Наталия Ростова,
при поддержке фонда «Среда» и Института Кеннана

Расцвет российских СМИ

Эпоха Ельцина, 1992-1999

Ельцин требует отставки Горбачева

Интервью Бориса Ельцина с призывом к Горбачеву уйти в отставку выходит на первом канале.

За месяц до референдума о сохранении Советского Союза (17 марта) на первом канале выходит телеинтервью Бориса Ельцина, в котором тот призывает Михаила Горбачева немедленно уйти в отставку. Интервью взорвало общество. Верховный Совет осудил Ельцина, но в его защиту стали собираться митинги (о реакции Верховного Совета и о последующих митингах см. 22 февраля 1991).
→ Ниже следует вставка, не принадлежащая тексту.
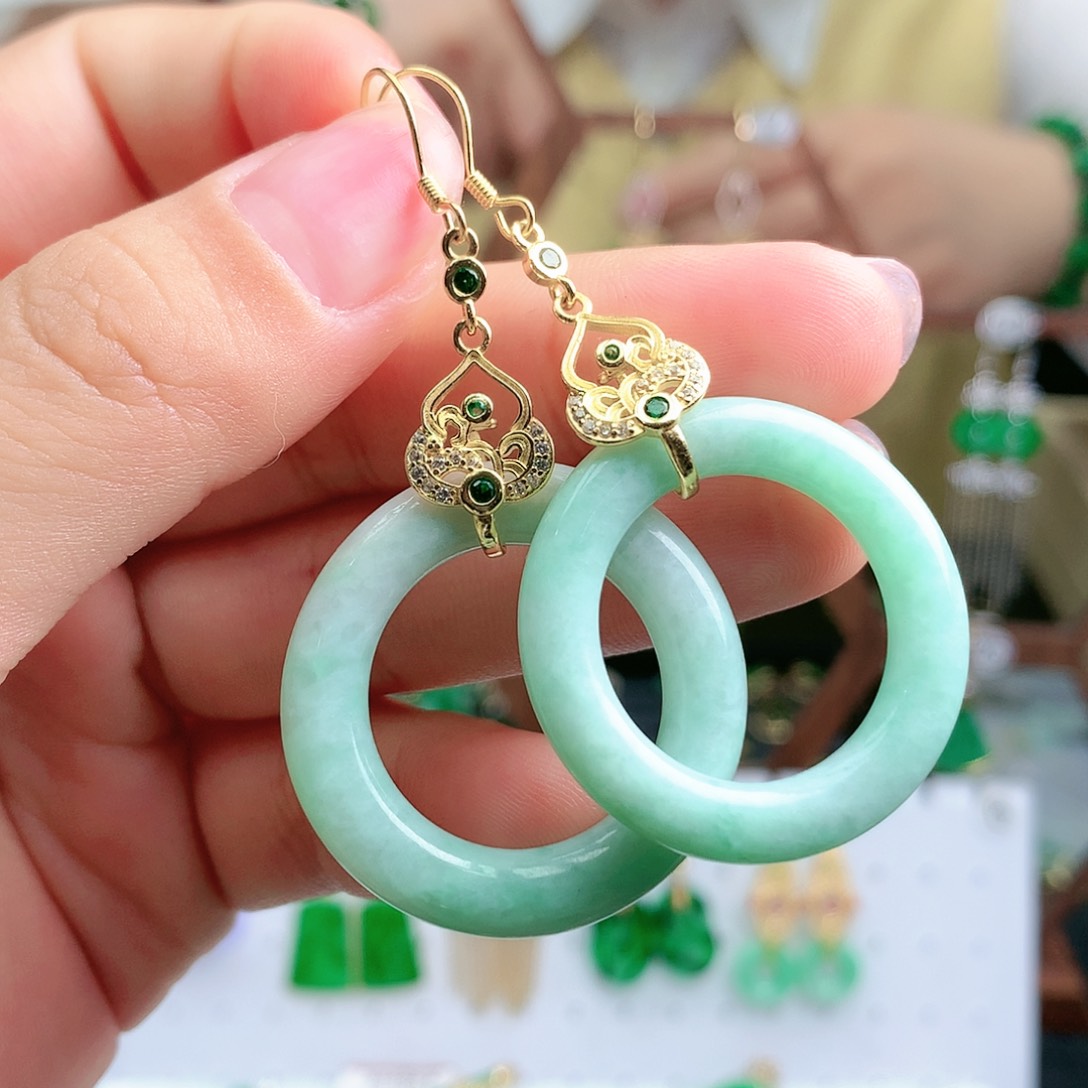 翡翠耳饰银S925镶嵌耳饰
Публичные призывы к Горбачеву немедленно начать действовать или уйти в отставку звучат еще с прошлого года. Осенью «Московские новости» публикуют открытое письмо своих учредителей – «Страна устала ждать» (см. 18 ноября 1990 года).  31 января на Ленинградском телевидении, в программе «Пятое колесо», Борис Ельцин заявляет: «У Горбачева уходит почва из-под ног, мы присутствуем при агонии власти, режима… И это опасно». «Ужасно, что устами Ельцина глаголет истина», — записывает в дневнике после просмотра помощник Горбачева Анатолий Черняев. Но сейчас, в февральском интервью, главный оппонент президента СССР с  многомиллионной поддержкой, выступает по главному каналу страны.
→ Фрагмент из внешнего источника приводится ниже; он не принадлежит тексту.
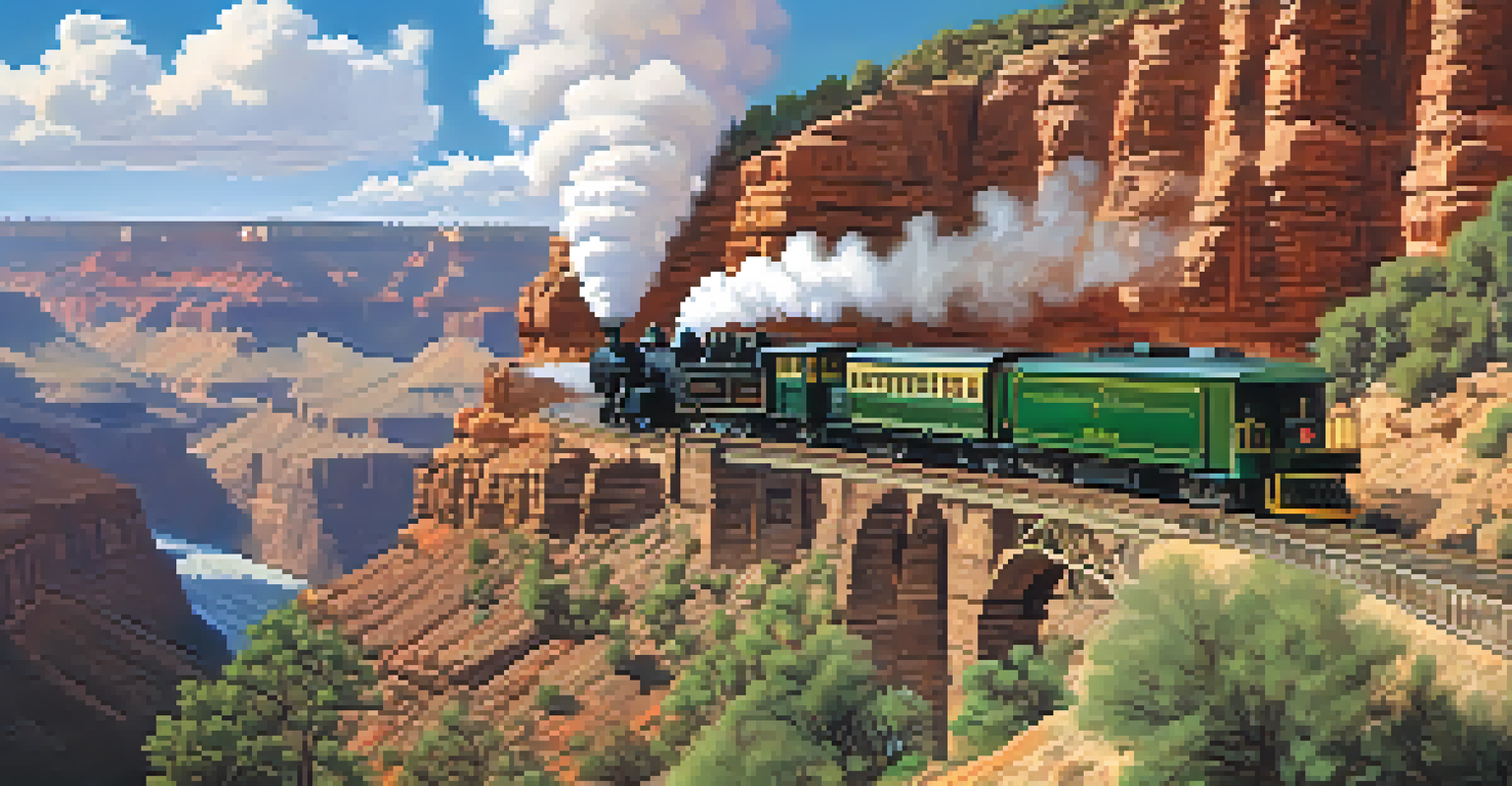 A vintage steam train on the Grand Canyon Railway with the Grand Canyon in the background.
«Каждый день телекомментаторы запугивали народ развалом Союза, гражданской войной, — вспомнит Ельцин позже атмосферу тех дней. — Нашу позицию представляли как чисто деструктивную, разрушительную. Пугать гражданской      войной — это просто. По-моему, многие уже всерьез ждали ее. Поэтому я испытывал острую необходимость объясниться. Объяснить, что реформа Союза — это не его развал». Он пишет в мемуарах: «Но тут вдруг выяснилось, что никто выпускать меня в прямой эфир не собирается. Начались игры с Кравченко, тогдашним теленачальником. То он не подходил к телефону, то выдвигал какие-то условия, то переносил дату записи. Продолжалась эта мышиная возня не день и не два. Естественно, я начал накаляться». Его уговаривают пойти на компромисс с Горбачевым, но для него это «компромисс с кляпом во рту». «Созрела эта мысль, – пишет он, – Вы боитесь Ельцина? Ну так получите того Ельцина, которого боитесь! И я решил в очередной раз пойти вразрез с выработанным в обществе стереотипом».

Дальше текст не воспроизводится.